GPT-4 and professional benchmarks: the wrong answer to the wrong question

(aisnakeoil.substack.com)

340 points agomez314 | 1 comments | 21 Mar 23 13:12 UTC | HN request time: 0.215s | source

Show context

thwayunion ◴[21 Mar 23 13:28 UTC] No.35245821[source]▶

Absolutely correct.

We already know this is about self-driving cars. Passing a driver's test was already possible in 2015 or so, but SDCs clearly aren't ready for L5 deployment even today.

There are also a lot of excellent examples of failure modes in object detection benchmarks.
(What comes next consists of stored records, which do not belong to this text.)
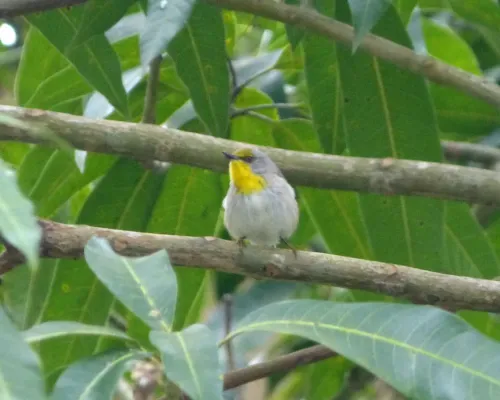 File:Olive-capped warbler Setophaga pityophila. Endemic - Flickr - gailhampshire (1).jpg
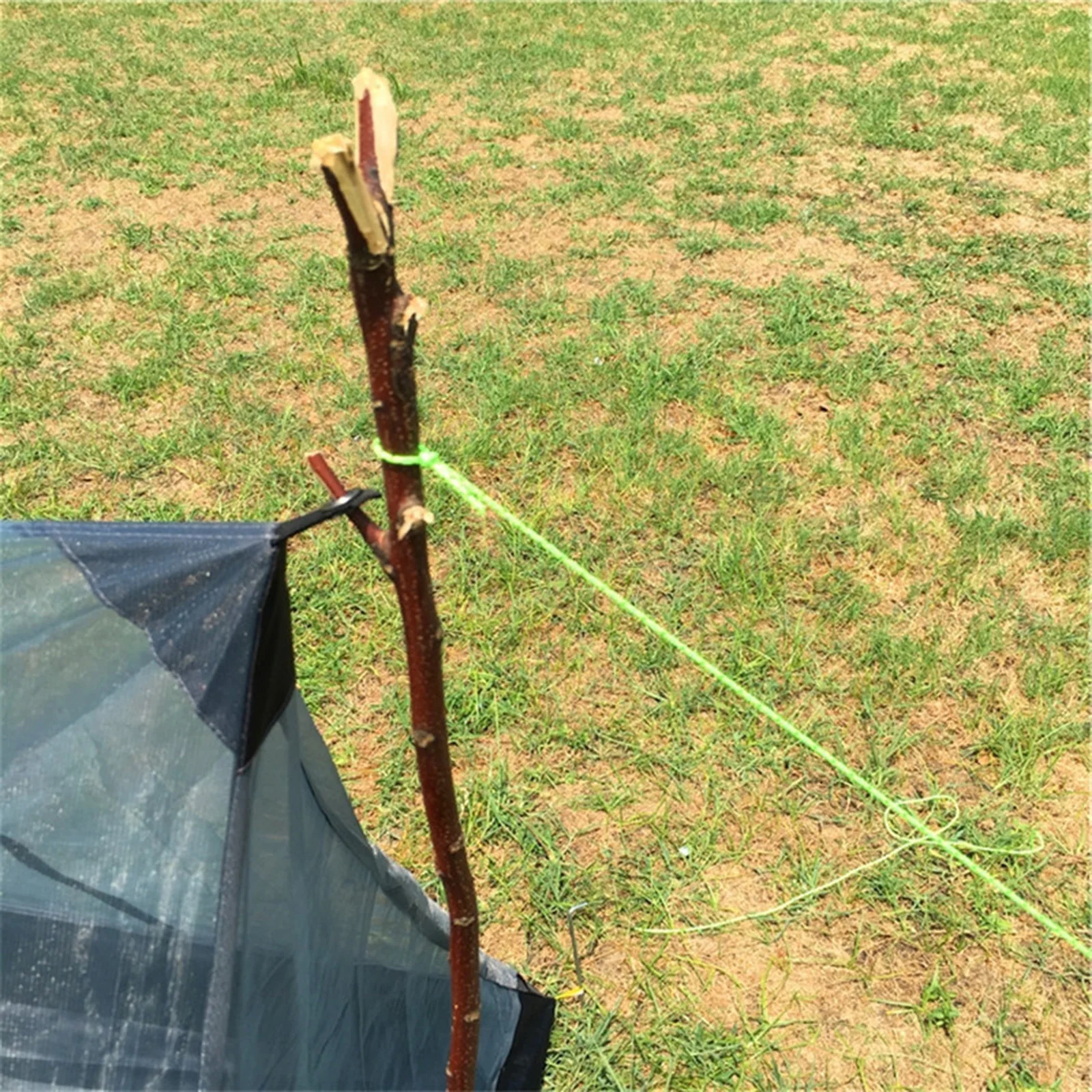 

Inner Tent Double Side Zippers For Garden Inner Tents Shield Waterproof PU 4000mm With Pegs 210D Oxford Fabric Camping Mesh Tent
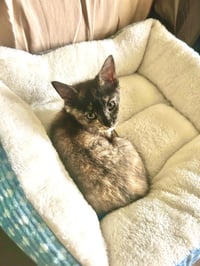 Pixie Biscuit - Photo 3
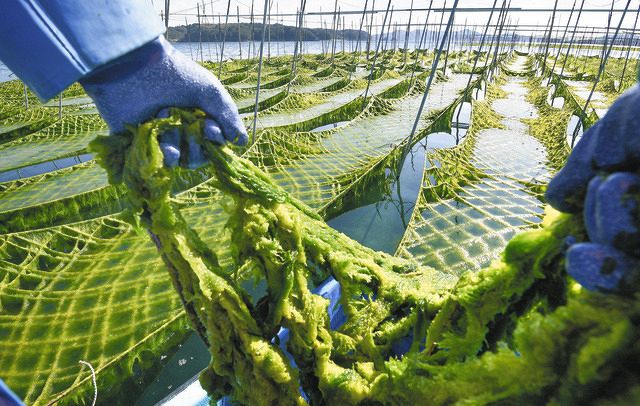 <通風筒> 鮮やか 緑のじゅうたん 志摩・英虞湾でアオサ収穫始まる:中日新聞Web
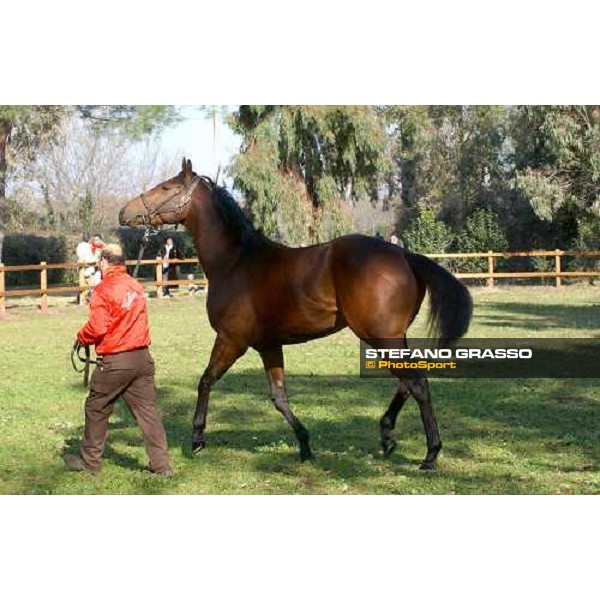 Golden Pivotal stallion parade at Ri-Ma Stud Cisterna di Latina, 16th january 2005 ph. Stefano Grasso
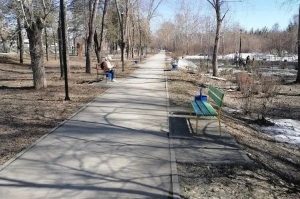 Убирают мусор в ЭкоПарке “Школьный” в Бердске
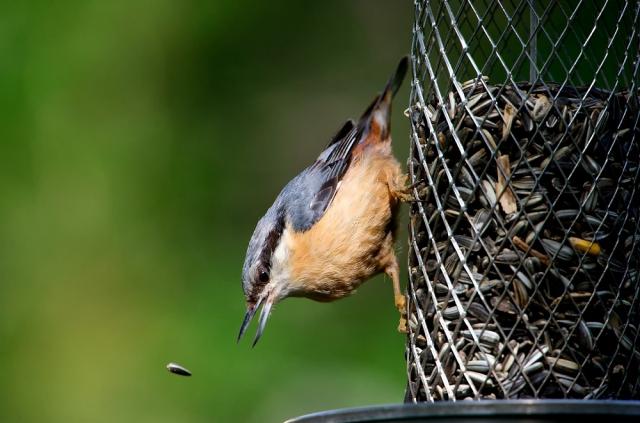 Global Bird Weekend: как вы можете помочь птицам, заметив их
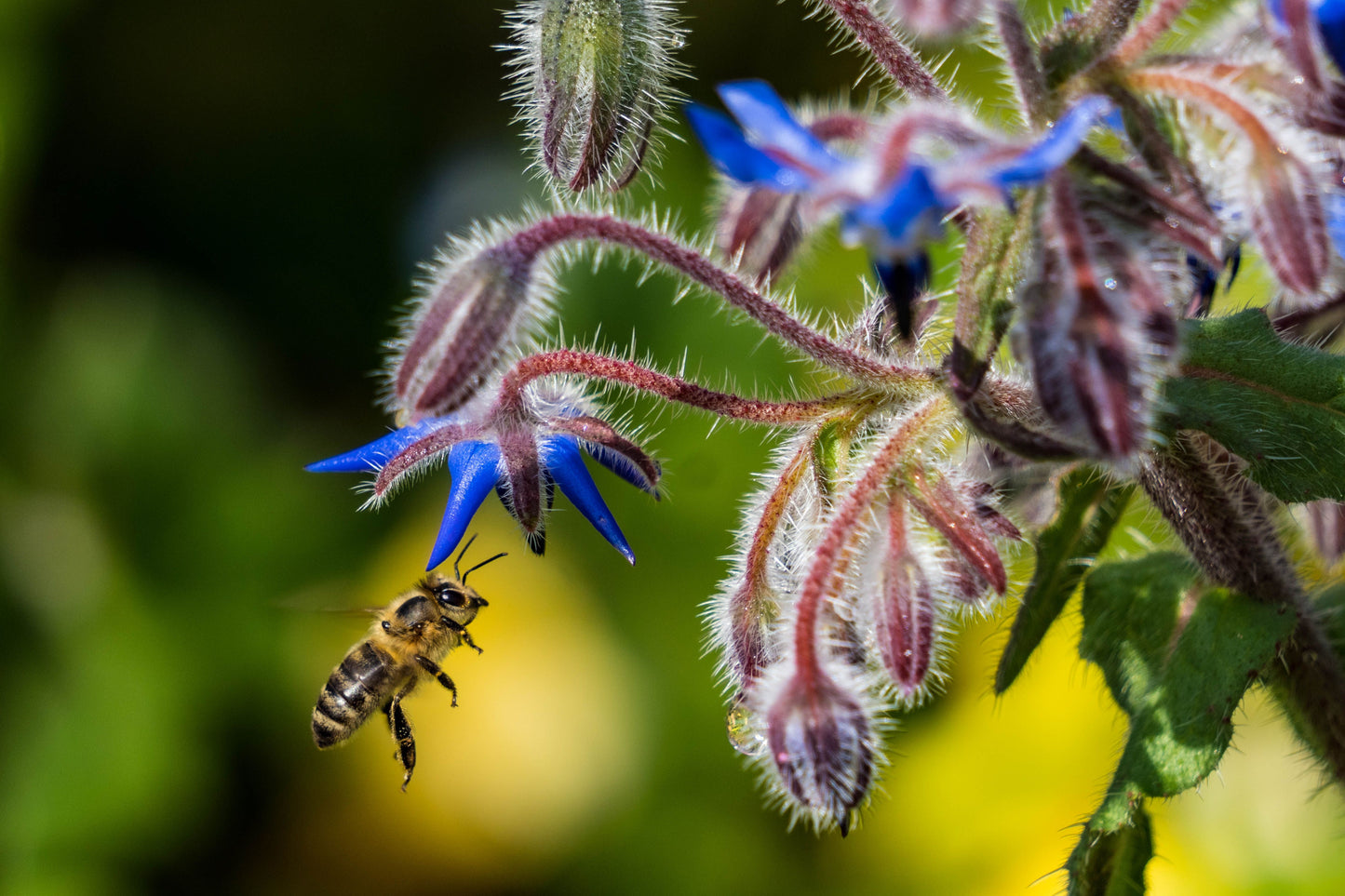 Hjulkrone – Borago officinalis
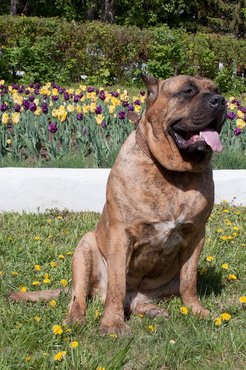 Presa canario.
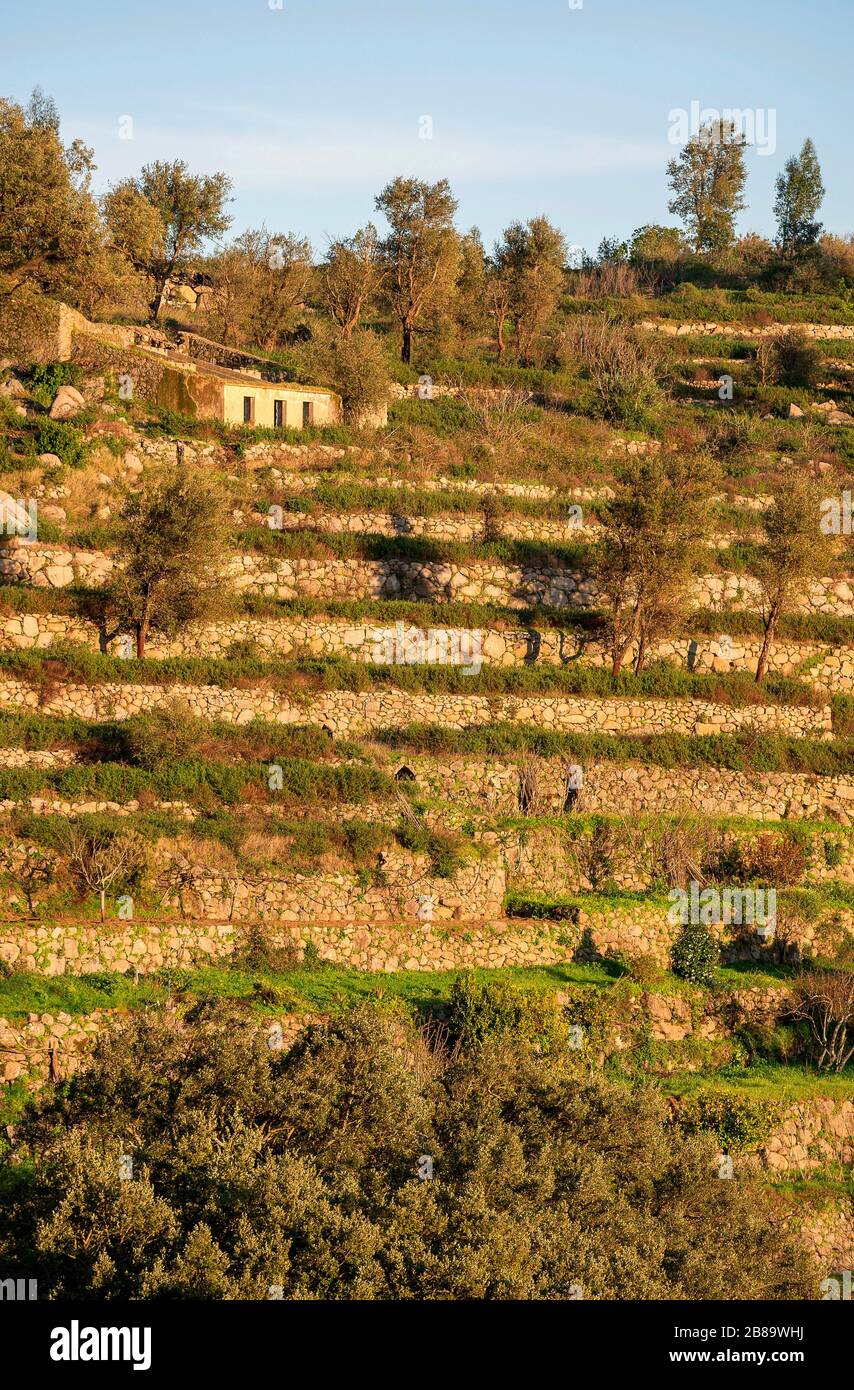Traditioneller Terrassenanbau mit Trockenmauern am Hang der Foia, Portugal, Algarve, Serra de Monchique Stockfoto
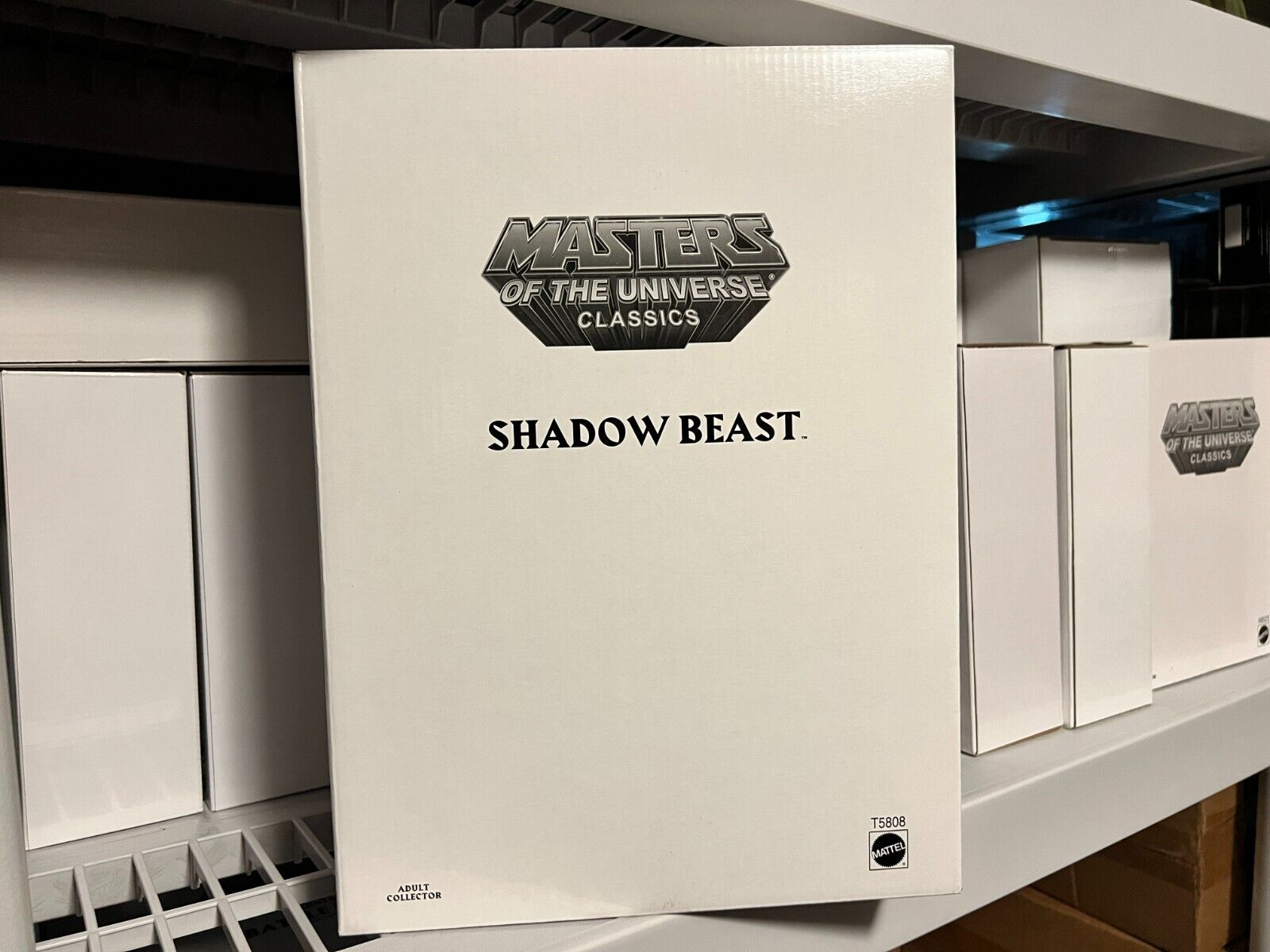 Mattel MOTU Classics Shadow Beast with mailer box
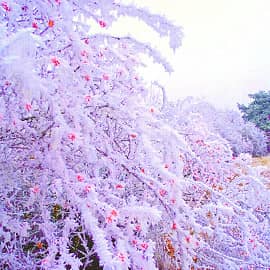 Красные капли шиповника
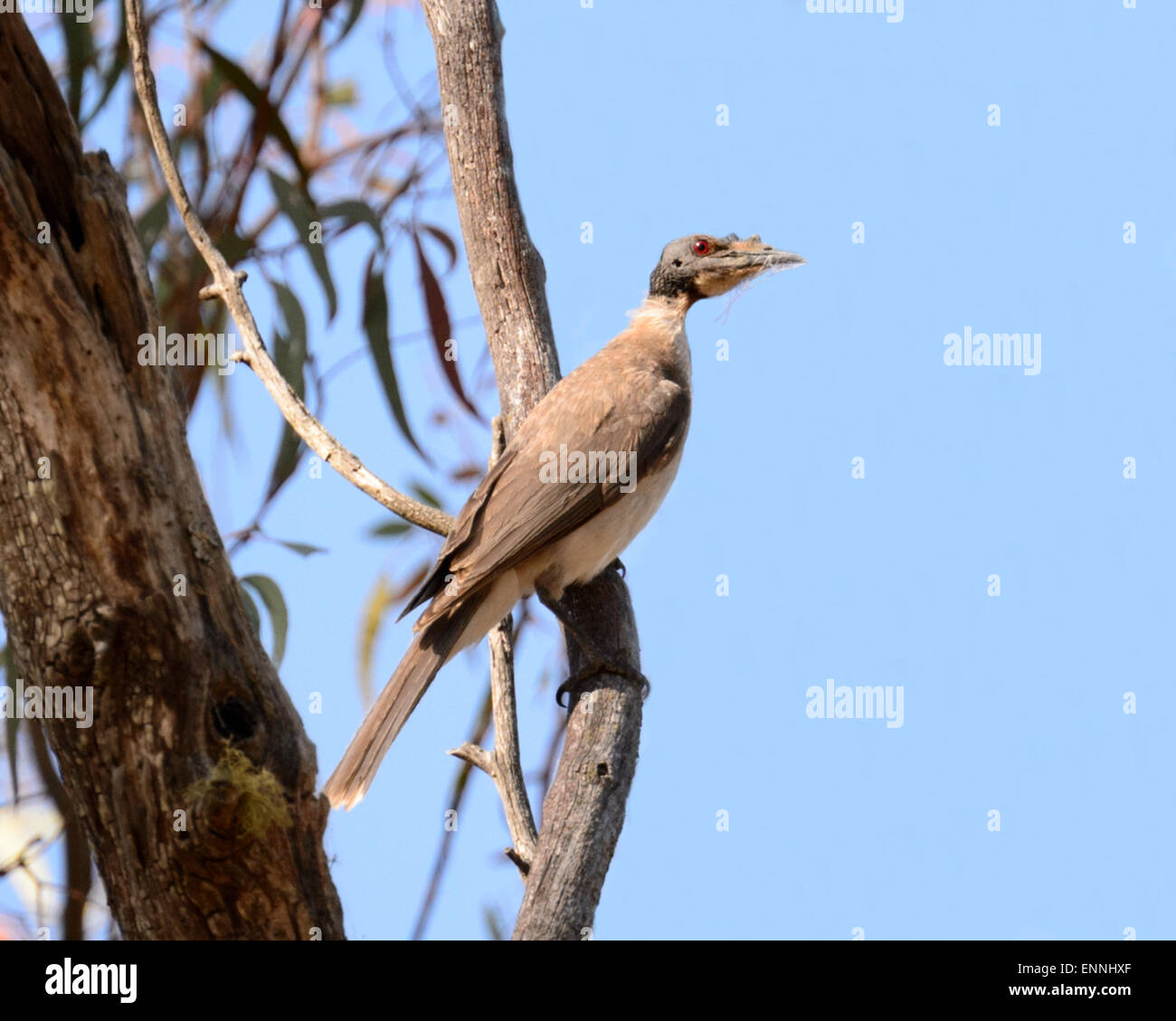 Noisy Friarbird (Filemone corniculatus), con materiale di nidificazione, Nuovo Galles del Sud, Australia Foto Stock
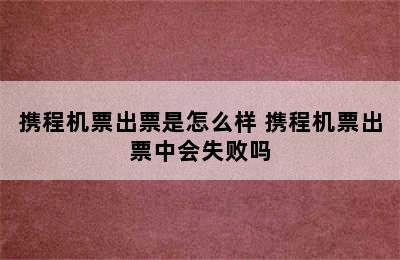 携程机票出票是怎么样 携程机票出票中会失败吗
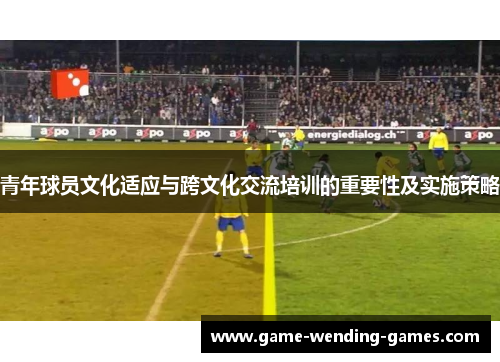 青年球员文化适应与跨文化交流培训的重要性及实施策略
Tests, such as driver's tests or standardized exams, are designed for humans. They make a lot of entirely implicit assumptions about failure modes and gaps in knowledge that are uniquely human. Automated systems work differently. They don't fail in the same way that humans fail, and therefore need different benchmarks.

Designing good benchmarks that probe GPT systems for common failure modes and weaknesses is actually quite difficult. Much more difficult than designing or training these systems, IME.

replies(12): >>35245981 #>>35246141 #>>35246208 #>>35246246 #>>35246355 #>>35246446 #>>35247376 #>>35249238 #>>35249439 #>>35250684 #>>35251205 #>>35252879 #

dcolkitt ◴[21 Mar 23 13:56 UTC] No.35246141[source]▶

>>35245821 #

I'd also add that the almost all standardized tests are designed for introductory material across millions of people. That kind of information is likely to be highly represented in the training corpus. Whereas most jobs require highly specialized domain knowledge that's probably not well represented in the corpus, and probably too expansive to fit into the context window.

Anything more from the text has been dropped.